(Brief descriptive captions)
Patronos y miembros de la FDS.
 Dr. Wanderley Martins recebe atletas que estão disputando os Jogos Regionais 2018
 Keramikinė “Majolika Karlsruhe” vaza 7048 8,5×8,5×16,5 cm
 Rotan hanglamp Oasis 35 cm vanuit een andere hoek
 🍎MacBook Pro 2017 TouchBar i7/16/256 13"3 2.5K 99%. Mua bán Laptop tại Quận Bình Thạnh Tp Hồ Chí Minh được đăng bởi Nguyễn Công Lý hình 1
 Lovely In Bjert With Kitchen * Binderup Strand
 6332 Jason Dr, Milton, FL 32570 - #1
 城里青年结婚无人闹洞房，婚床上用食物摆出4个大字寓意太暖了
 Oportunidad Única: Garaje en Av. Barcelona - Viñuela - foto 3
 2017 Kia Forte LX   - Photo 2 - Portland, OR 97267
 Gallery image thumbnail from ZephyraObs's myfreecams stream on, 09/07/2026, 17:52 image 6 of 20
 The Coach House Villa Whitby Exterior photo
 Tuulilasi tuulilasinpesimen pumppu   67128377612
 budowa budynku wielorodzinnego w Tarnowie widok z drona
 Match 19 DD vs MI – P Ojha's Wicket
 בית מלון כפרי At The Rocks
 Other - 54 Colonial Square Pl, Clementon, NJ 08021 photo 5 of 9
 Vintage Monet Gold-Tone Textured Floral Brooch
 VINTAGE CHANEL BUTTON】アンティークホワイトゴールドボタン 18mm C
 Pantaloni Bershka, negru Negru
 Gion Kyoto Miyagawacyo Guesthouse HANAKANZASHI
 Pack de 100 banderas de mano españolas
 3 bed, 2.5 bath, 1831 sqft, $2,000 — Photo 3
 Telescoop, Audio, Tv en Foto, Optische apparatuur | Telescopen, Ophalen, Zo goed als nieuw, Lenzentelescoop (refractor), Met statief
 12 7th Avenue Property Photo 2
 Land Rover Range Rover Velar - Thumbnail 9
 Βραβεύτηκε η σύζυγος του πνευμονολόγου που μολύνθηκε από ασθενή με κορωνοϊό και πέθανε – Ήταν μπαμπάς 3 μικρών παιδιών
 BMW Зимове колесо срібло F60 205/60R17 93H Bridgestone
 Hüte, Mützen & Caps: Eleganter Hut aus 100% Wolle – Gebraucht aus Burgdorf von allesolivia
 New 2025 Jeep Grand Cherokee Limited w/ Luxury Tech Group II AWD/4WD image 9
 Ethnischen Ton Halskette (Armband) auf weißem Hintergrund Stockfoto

▶ TASK DETAILS
What you should produce is an exact retyping of every line above.

▶ RESPONSE TO THE TASK
Patronos y miembros de la FDS.
 Dr. Wanderley Martins recebe atletas que estão disputando os Jogos Regionais 2018
 Keramikinė “Majolika Karlsruhe” vaza 7048 8,5×8,5×16,5 cm
 Rotan hanglamp Oasis 35 cm vanuit een andere hoek
 🍎MacBook Pro 2017 TouchBar i7/16/256 13"3 2.5K 99%. Mua bán Laptop tại Quận Bình Thạnh Tp Hồ Chí Minh được đăng bởi Nguyễn Công Lý hình 1
 Lovely In Bjert With Kitchen * Binderup Strand
 6332 Jason Dr, Milton, FL 32570 - #1
 城里青年结婚无人闹洞房，婚床上用食物摆出4个大字寓意太暖了
 Oportunidad Única: Garaje en Av. Barcelona - Viñuela - foto 3
 2017 Kia Forte LX   - Photo 2 - Portland, OR 97267
 Gallery image thumbnail from ZephyraObs's myfreecams stream on, 09/07/2026, 17:52 image 6 of 20
 The Coach House Villa Whitby Exterior photo
 Tuulilasi tuulilasinpesimen pumppu   67128377612
 budowa budynku wielorodzinnego w Tarnowie widok z drona
 Match 19 DD vs MI – P Ojha's Wicket
 בית מלון כפרי At The Rocks
 Other - 54 Colonial Square Pl, Clementon, NJ 08021 photo 5 of 9
 Vintage Monet Gold-Tone Textured Floral Brooch
 VINTAGE CHANEL BUTTON】アンティークホワイトゴールドボタン 18mm C
 Pantaloni Bershka, negru Negru
 Gion Kyoto Miyagawacyo Guesthouse HANAKANZASHI
 Pack de 100 banderas de mano españolas
 3 bed, 2.5 bath, 1831 sqft, $2,000 — Photo 3
 Telescoop, Audio, Tv en Foto, Optische apparatuur | Telescopen, Ophalen, Zo goed als nieuw, Lenzentelescoop (refractor), Met statief
 12 7th Avenue Property Photo 2
 Land Rover Range Rover Velar - Thumbnail 9
 Βραβεύτηκε η σύζυγος του πνευμονολόγου που μολύνθηκε από ασθενή με κορωνοϊό και πέθανε – Ήταν μπαμπάς 3 μικρών παιδιών
 BMW Зимове колесо срібло F60 205/60R17 93H Bridgestone
 Hüte, Mützen & Caps: Eleganter Hut aus 100% Wolle – Gebraucht aus Burgdorf von allesolivia
 New 2025 Jeep Grand Cherokee Limited w/ Luxury Tech Group II AWD/4WD image 9
 Ethnischen Ton Halskette (Armband) auf weißem Hintergrund Stockfoto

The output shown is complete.